━━ Supplied data
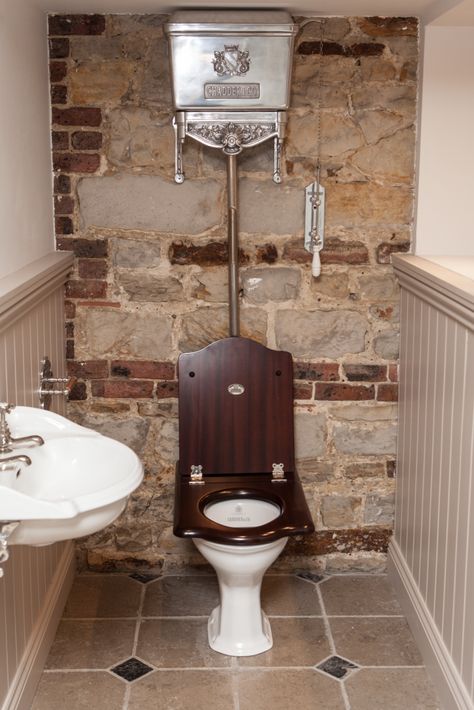 Vintage luxury traditional interior design toilet cistern cloakrom chadder and co Traditional Cloakroom, Interior Design Toilet, Victorian Toilet, Outside Toilet, Vintage Toilet, Design Toilet, Luxury Toilet, Toilet Ideas, Vintage Bathroom Decor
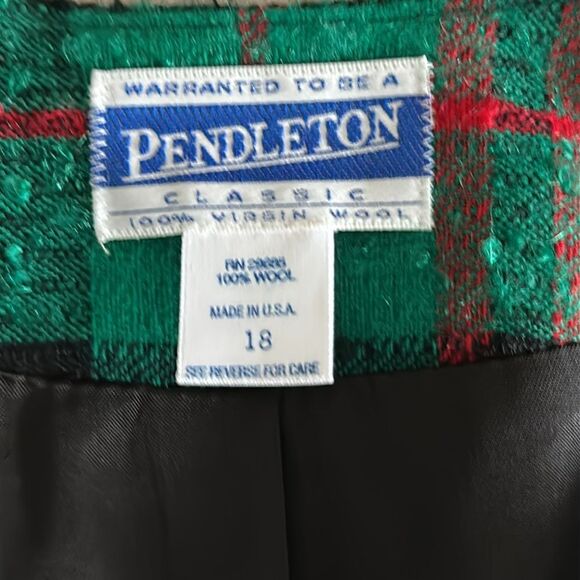 Vintage Pendleton Plaid Wool Blazer Size 18 Green Red Christmas Tartan Made USA - Picture 7 of 11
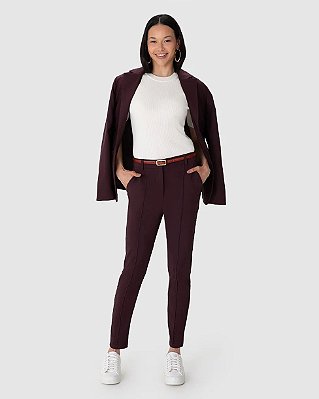 Calça Slim Feminina Alfaiataria Em Viscose Com Elastano 1000124734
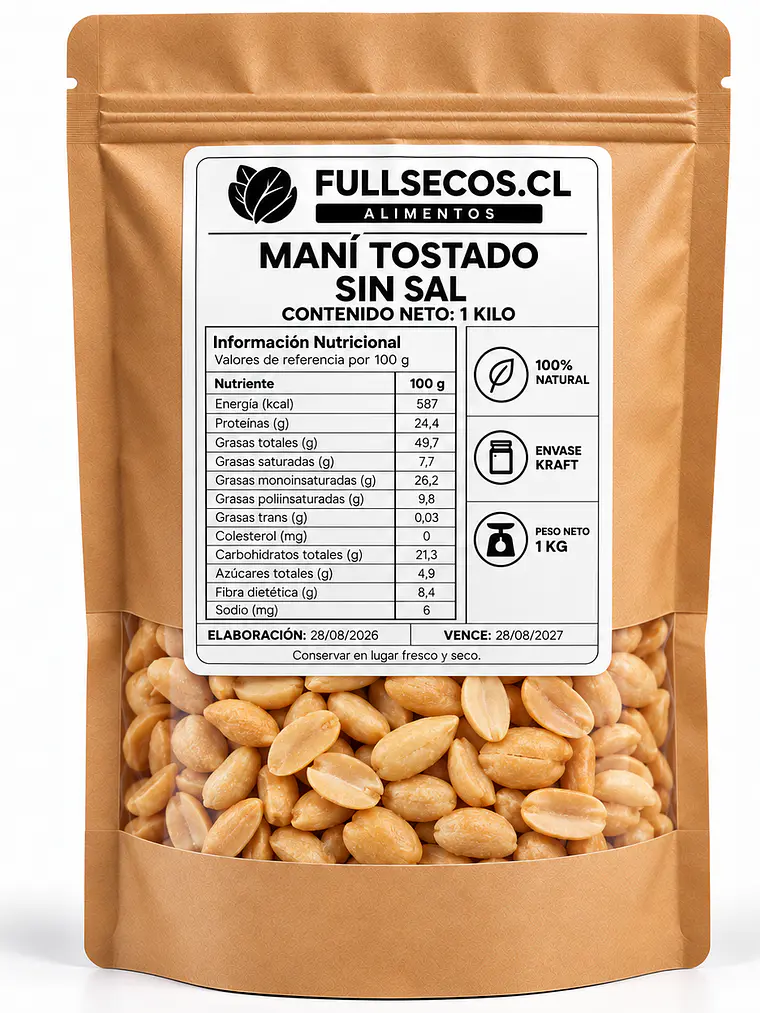 Maní Tostado sin Sal 1 Kilo. 1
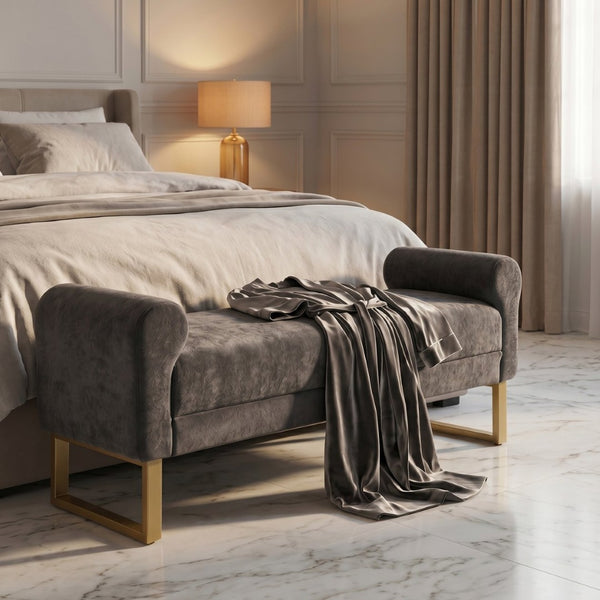 English Elm 65" Chenille Upholstered Bench with Gold Legs Elegant Bedroom or Entryway Seating Dark Gray W3244P509752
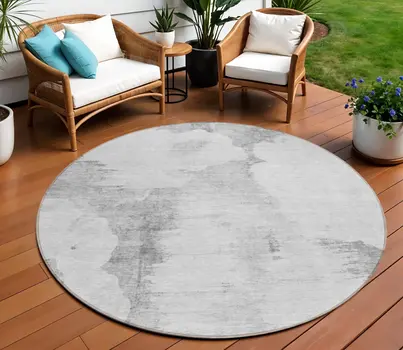 8' Silver Gray And Pewter Round Abstract Washable Indoor Outdoor Area Rug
━━━━
The problem =>
Omitting the images, transcribe every record exactly.

Output below =>
 Vintage luxury traditional interior design toilet cistern cloakrom chadder and co Traditional Cloakroom, Interior Design Toilet, Victorian Toilet, Outside Toilet, Vintage Toilet, Design Toilet, Luxury Toilet, Toilet Ideas, Vintage Bathroom Decor
 Vintage Pendleton Plaid Wool Blazer Size 18 Green Red Christmas Tartan Made USA - Picture 7 of 11
 Calça Slim Feminina Alfaiataria Em Viscose Com Elastano 1000124734
 Maní Tostado sin Sal 1 Kilo. 1
 English Elm 65" Chenille Upholstered Bench with Gold Legs Elegant Bedroom or Entryway Seating Dark Gray W3244P509752
 8' Silver Gray And Pewter Round Abstract Washable Indoor Outdoor Area Rug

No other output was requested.